Data block:
((

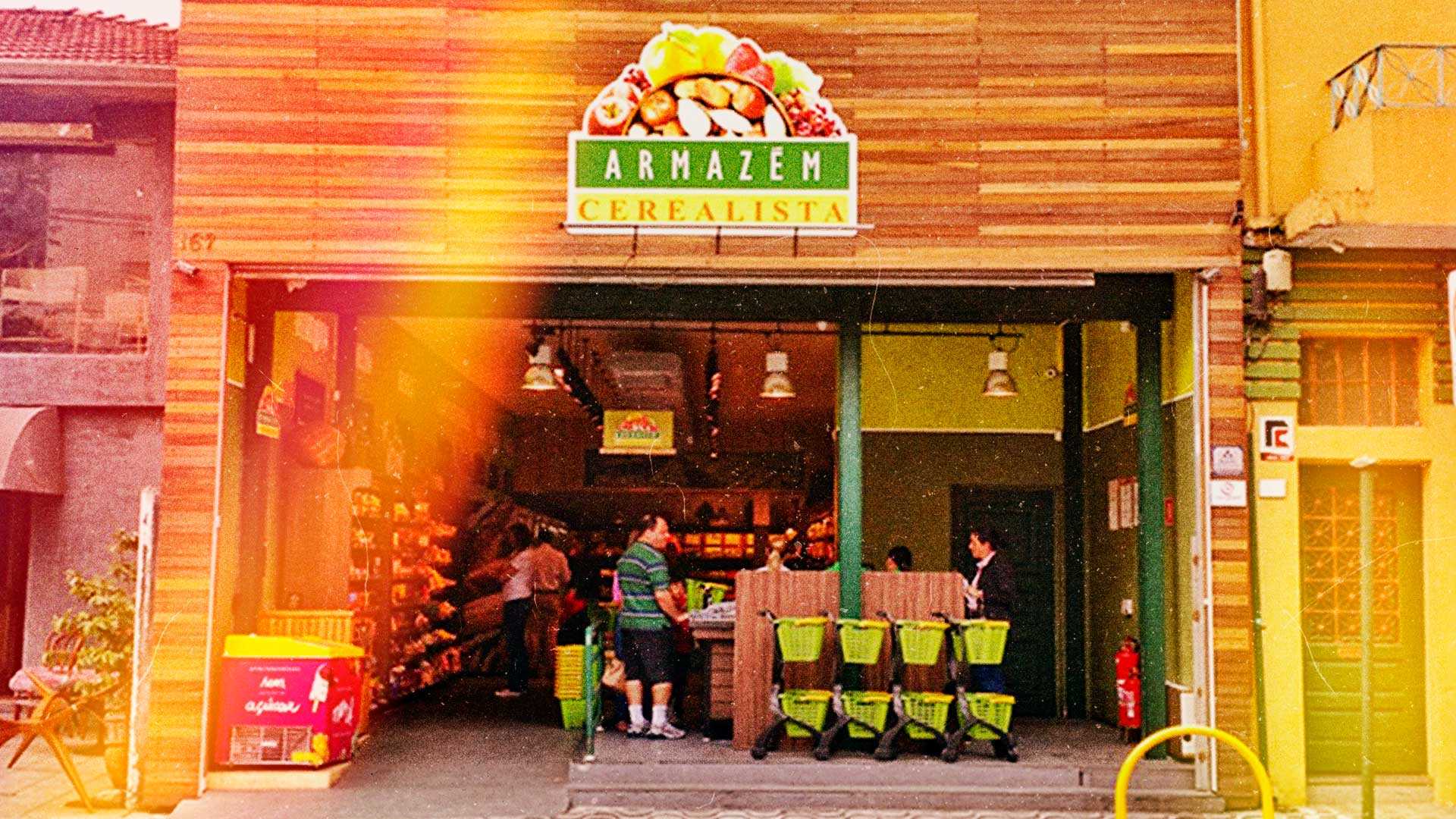 Fachada frontal da loja Armazém Cerealista, com uma placa acima da entrada com frutas na parte superior e as escritas Armazém em um retângulo verde a baixo das frutas e Cerealista em outro retângulo na cor amarela a baixo.
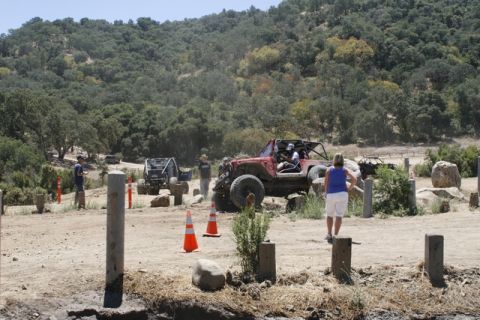 1989 Ford Bronco - Off-road vehicles navigate a challenging dirt course with spectators watching the event.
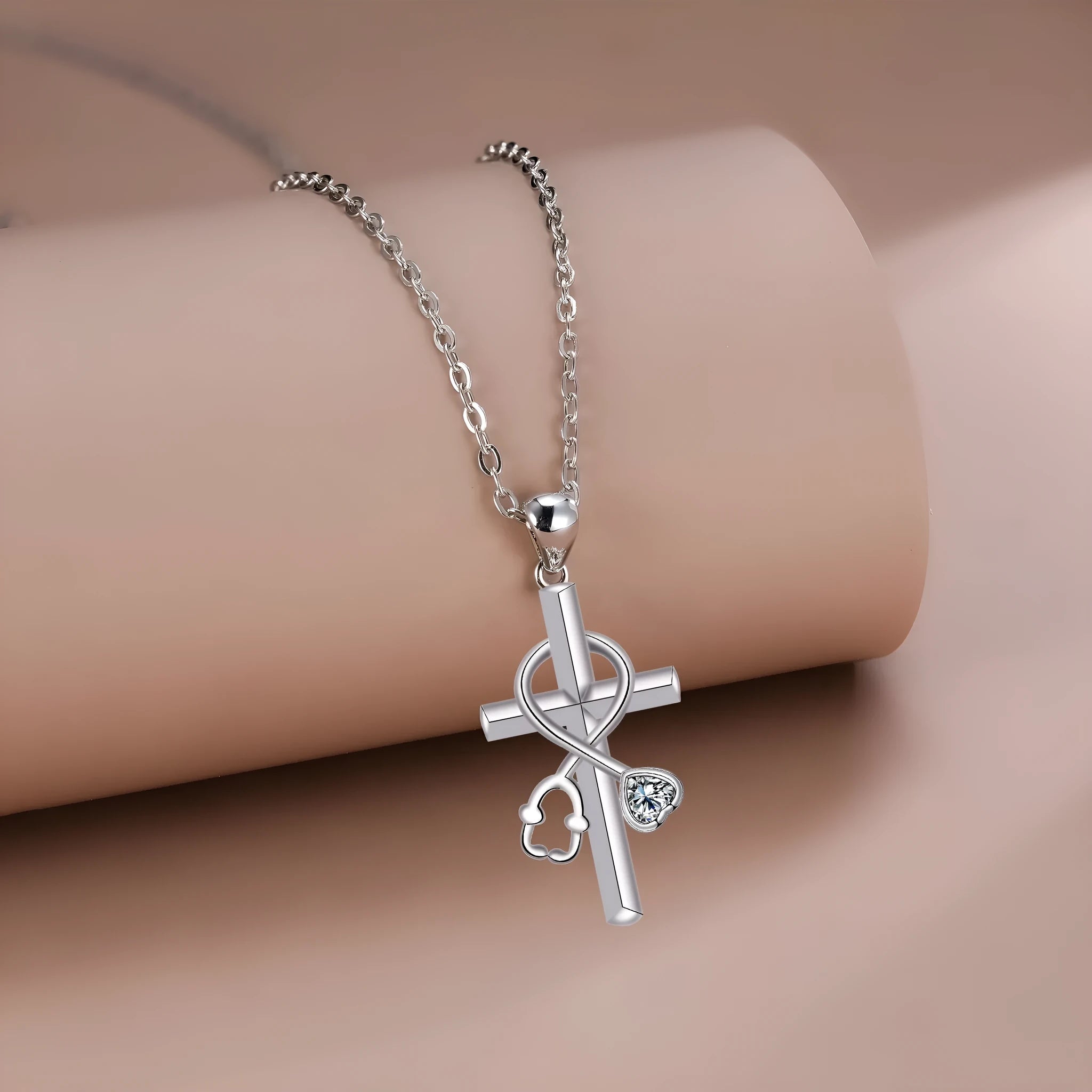 Close-up of a copper stethoscope pendant necklace on a cross-link chain for women.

))

About this task: Return the listing above word for word. Keep the images out.

Solution for this exercise:
 Fachada frontal da loja Armazém Cerealista, com uma placa acima da entrada com frutas na parte superior e as escritas Armazém em um retângulo verde a baixo das frutas e Cerealista em outro retângulo na cor amarela a baixo.
 1989 Ford Bronco - Off-road vehicles navigate a challenging dirt course with spectators watching the event.
 Close-up of a copper stethoscope pendant necklace on a cross-link chain for women.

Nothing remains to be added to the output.